**Task directions:** Your answer should consist of all lines in the listing that hold the word "Photo".

**Listed entries:**
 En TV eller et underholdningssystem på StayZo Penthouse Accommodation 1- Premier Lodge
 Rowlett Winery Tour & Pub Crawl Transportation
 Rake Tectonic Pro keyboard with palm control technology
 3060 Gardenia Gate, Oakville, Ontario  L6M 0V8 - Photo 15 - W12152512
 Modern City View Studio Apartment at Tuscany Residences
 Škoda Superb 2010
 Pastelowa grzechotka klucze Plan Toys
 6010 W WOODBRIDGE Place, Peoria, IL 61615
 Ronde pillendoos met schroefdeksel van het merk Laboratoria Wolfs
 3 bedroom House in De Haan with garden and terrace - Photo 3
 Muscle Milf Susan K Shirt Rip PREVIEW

**The completed task:**
 3060 Gardenia Gate, Oakville, Ontario  L6M 0V8 - Photo 15 - W12152512
 3 bedroom House in De Haan with garden and terrace - Photo 3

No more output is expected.